Nous rejoignions la cousine d'Eric qui logeait chez les sœurs d'une amie. Accueillis et intégrés chez cette fratrie féminine, nous avons eu la chance d'aborder le Maroc de l'intérieur. Evoluant dans un milieu modeste, elles ne cessaient pourtant de rire et de vouloir nous être agréables. L'une d'entre elle s'amusait de ne pas être reconnue par nous lorsque, pour sortir, elle avait revêtu le hijab. Ce qui chez nous était diabolisé devenait plaisanterie et distanciation.
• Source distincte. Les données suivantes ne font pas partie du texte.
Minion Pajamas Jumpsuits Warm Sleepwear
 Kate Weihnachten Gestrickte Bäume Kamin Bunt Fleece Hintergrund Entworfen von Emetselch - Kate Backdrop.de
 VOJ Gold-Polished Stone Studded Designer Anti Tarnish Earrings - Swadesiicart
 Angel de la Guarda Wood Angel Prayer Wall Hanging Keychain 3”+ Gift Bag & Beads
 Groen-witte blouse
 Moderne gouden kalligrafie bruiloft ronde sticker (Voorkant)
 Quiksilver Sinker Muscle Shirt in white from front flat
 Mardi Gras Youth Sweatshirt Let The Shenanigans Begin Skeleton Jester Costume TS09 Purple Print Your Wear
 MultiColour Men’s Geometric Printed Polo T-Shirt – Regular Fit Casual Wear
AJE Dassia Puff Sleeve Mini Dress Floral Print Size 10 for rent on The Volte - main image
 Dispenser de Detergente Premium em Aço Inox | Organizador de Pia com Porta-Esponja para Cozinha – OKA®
L'autre s'étonnait que je comprenne des mots d'arabes (chouia, bezef,etc.). Ces mots qui auraient pu en France prendre une valeur populaire se dotaient ici de signes de richesse et de partage. Leur gentillesse, leur générosité et leur bonne humeur nous ont introduits dans une ambiance qui allait se répéter au fil des rencontres. Nous avons retrouvé de valeurs que nous avions perdues ou oubliées. C'est un sentiment qui finalement est assez fréquent dès lors que l'on voyage dans les pays dits pauvres, émergents ou autre – nous avons d'ailleurs vécu cela, multiplié, en Inde. Cependant, c'était là un peu notre première fois et le sentiment de revenir sur un territoire perdu était prégnant, celui de l'enfance en ce qui me concerne. 

 

Ayant grandi dans la ville ouvrière de Berre l'étang, j'ai été très tôt confronté à une société d'immigrés nord-africains. Dans ma classe, il y avait beaucoup de Marocains et surtout d'Algériens. Je ne vais pas revenir sur le racisme qui gangrène les Bouches-du-Rhône. Cependant, les Mohamed, Farida, Salima ou Rachid étaient souvent ostracisés. Ils pouvaient aussi être agressifs. Comment ne pas l'être, lorsque parfois leurs pères avaient fréquenté des foyers sonacotra? Je croyais d'ailleurs, quand j'étais tout enfant, que les hommes qui y séjournaient étaient des simples d'esprit. Ignorance qui est bien révélatrice du fossé qui pouvait séparer des "arabes" – c'est ainsi qu'on les désignait alors – de "bons petits Français". Ils étaient à la fois des proches et des étrangers. Une part de moi a toujours envié leur verve et leur esprit clanique. Moi aussi souvent mis à l'écart, j'étais sensible à leur esprit de groupe. En arrivant en terre marocaine, j'ai eu le sentiment de rattraper le temps perdu, de retrouver de vieux amis que je n'avais pas toujours eu la chance de connaître. Ils avaient pu être des ennemis, ils devenaient familiers. Tout une culture s'ouvrait à moi. L'occasion rêvée de rompre avec un héritage colonialiste, de se confronter à la réalité afin d'effacer les préjugés. Un jour, j'ai appris que Zouina n'était pas seulement un prénom bizarre mais signifiait aussi en arabe "belle". Cette découverte m'a rendu triste. Cette petite fille dont on se moquait était en réalité, par la transmission de ses parents, un trésor. La bêtise s'effaçait au profit de la poésie de la langue.    

 

Ce voyage fut celui du dépassement, comme par exemple ce trek dans la vallée du Dadès. Les paysages étaient magnifiques. Nous avons dormi dans des grottes avec une famille d'anciens nomades devenus sédentaires. En plein désert, le soir le père racontait à ses enfants des histoires que nous ne comprenions pas, mais qui nous reliaient à la terre, à l'instant et à la simplicité. Réaliser que des personnes vivaient ainsi, loin de la civilisation m'a paru magique. Des enfants émerveillés par le retour de leur père, sous les étoiles prêts à boire ses paroles au lieu d'être hypnotisés par le poste de la télé. Le réveil avec le soleil. Le partage de figues qu'il avait ramassé – et dans ces cas là peu importe que celles-ci aient été lavée à l'eau non potable! La marche silencieuse dans le désert. Seul Gerry de Gus Van Sant m'a fait revivre ces instants. Sans ostentation mais avec beaucoup de douceur, la nature et les éléments déployaient tout leur sens.

 

Nous avons certes vécu le Maroc touristique, mais avec conscience et amusement. Nous avons rencontré celui rural dont la générosité nous a nourri.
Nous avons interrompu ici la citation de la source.